Un amplio plantel de actores y actrices desarrollan este juego que, en el fondo, es una tremenda gamberrada, bien armada y bien desarrollada, sin grandes medios escénicos y con participación del propio elenco en la mayoría de ellos. Incluso el atrezo y el decorado tienen su vis cómica, y el absurdo se va complicando a medida que avanza el desarrollo.
No hay una gran profundidad en el contenido del texto (aunque aparecen momentos de punta en los que dejan ideas para decidir, por ejemplo, si hay que reírse de la moral y las normas, o para obedecerlas), y no nos conduce más allá. Pero el “súmmum” parece ser la evidencia de que Hamlet tiene miedo a la muerte, y quiere vacunarse para evitarlo, pero finalmente, le aclararán que, en realidad, todos lo tenemos.
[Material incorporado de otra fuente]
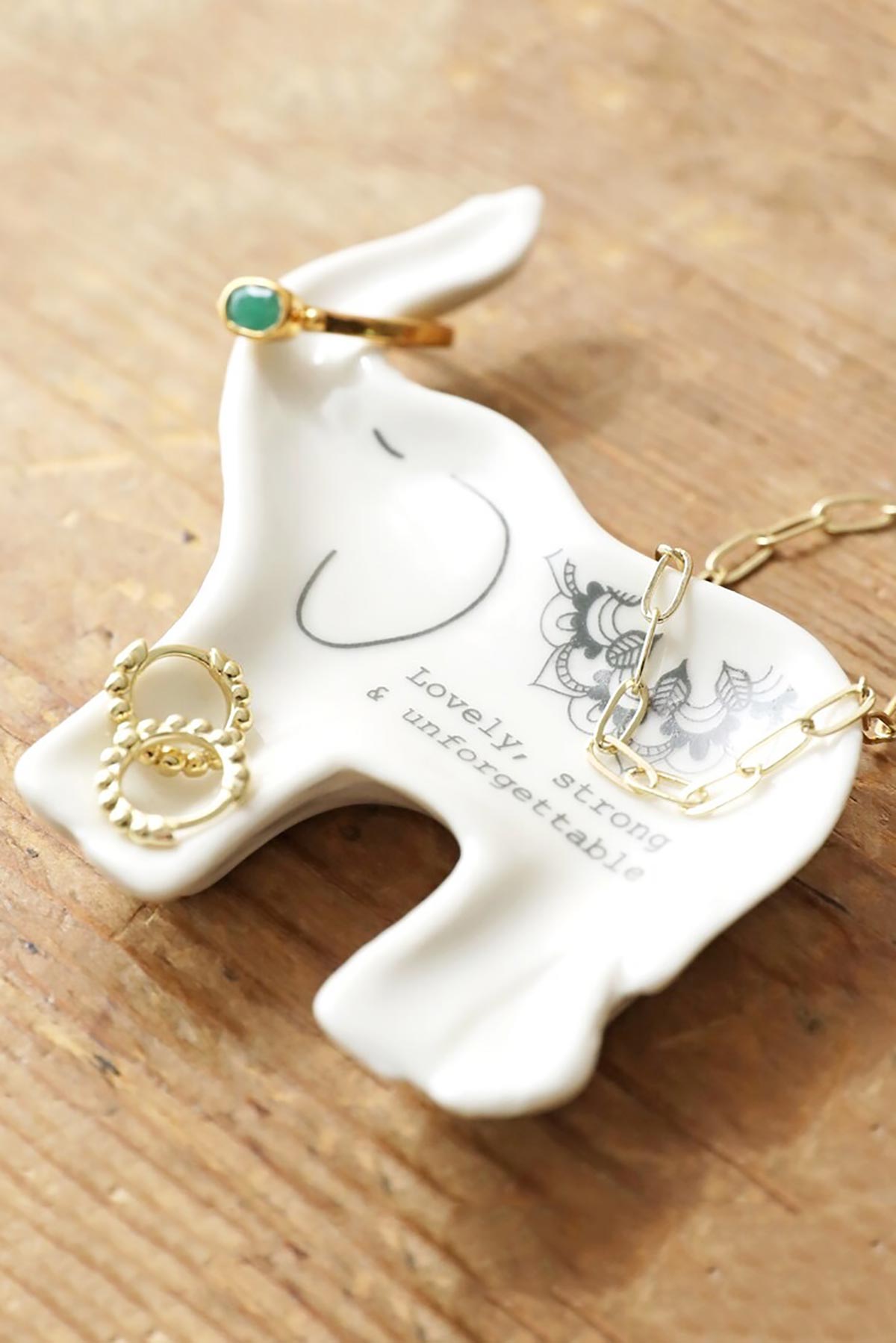 Elephant trinket dish holding jewellery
A la mayor parte del elenco lo hemos encontrado previamente, tanto en trabajos de Grumelot Teatro, como en otros montajes, y lo interesante es que, tanto en el trabajo de conjunto, como en actoral, logran romper con los formatos que podrían tratar de encasillar la idea original. Así que, personajes como el de Javier Lara, haciendo de inspector rígido, convencional e indiferente a su profesión, o los papeles de Carlota Gaviño, en una dualidad que al final la conducen casi a la misma situación, o bien el protagonista principal, que desempeña Íñigo Rodríguez-Claro, en una absurda indecisión de papeles en la vida, obligan a dejar de lado la linealidad de ese guión que tratamos de encontrar en la vida, en tanto que los personajes de Montse Díez, Chema Ruiz, o Héctor Carballo, parecen llevarnos más al realismo que supone imaginar lo que queremos hacer, y hacerlo. Tal vez, esa misma imaginación acabe por no conducir al telón final de aquella temida muerte.